Join Date: Oct 2006
Location: Green Bay, Wisconsin, USA
Make: GL1500 SE
… Or so it seems.
I have both a '85 GL1200A and '97 GL1500 SE (that is a trike), I know they have very near the same rear brake master cylinder. Due to a health issue that I've been dealing with, both have sat.
The Trike did get ridden some in Summer 2017, the 1200 maybe moved in yard but on the road, Sept 2016 was her last ride. I knew back then, likely be a good long spell before I'd get to ride either so I dosed their fresh gas with double dose of Sta-Bil marine fuel saver and ran the carbs dry when last ridden … so not worried there.

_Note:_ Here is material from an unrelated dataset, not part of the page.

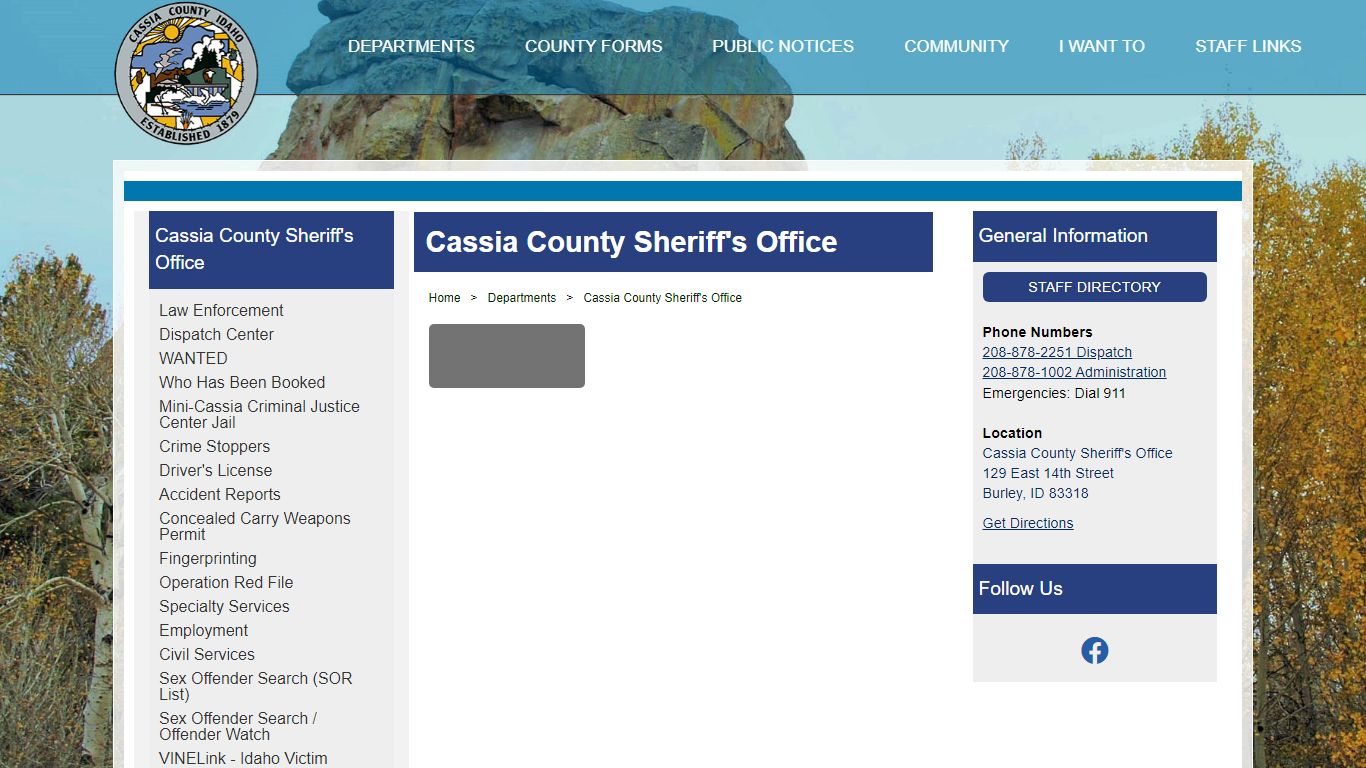 Cassia County, Idaho - Cassia County Sheriff's Office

Well, I have been checking brake & clutch levers and their pedal feel ever so often, and Trike is all A- OK, but the 1200's rear brake pedal went soft. I ordered a kit, thought I was going to rebuild rear MC. Yesterday I decided time to try the tie down trick, I pumped the rear pedal slowly until it was as best as it was gonna get, and strapped it down with three wraps of a good bungie to lower leg of center stand, checked today, the rear brake is good now.
I did not expect success.
The brakes have been bled before, never had a soft pedal on either, fluid changed, etc., so I see no way for air to get in just sitting in a dehumidified, heated basement as they do. All I can figure is the cup seals of the piston in the rear MC maybe relaxed from lack of regular use, and simply failed to seal the whole stroke. Pumping up to get some pressure likely expands them cups, getting them re - acquainted with cylinder bore wall. That's my theory.
Anyway, tomorrow gonna do same on 1500 just as a preventative measure.
I too have had the same anomaly and I don't know why but I have a theory. (Guess) As the cold weather sets in the seals on the calipers get cold and shrink up as well as less resilient. As it gets colder and colder the brake fluid in the lines and calipers contracts. There is now a slight void and vacuum internal the caliper and lines. The caliper seals are stiff and do not seal real well so the system draws in a very insignificant amount of air. You wouldn't even know it if you rode the next day. Problem is the bike does not get used. The temp goes up and down every day and every week. Eventually all the insignificant amounts of air combine to become significant over months.
I would think that the fluid in the master should run down to replace the void but I wonder if the small hole in the master reservoir and thick viscosity from the bitter cold makes it easier to pull the air past the caliper seal. Just my best guess. What do you think?
Worked on the "big rigs" for 45 years now just riding my Wing whenever I can. Gets cold in Wisconsin.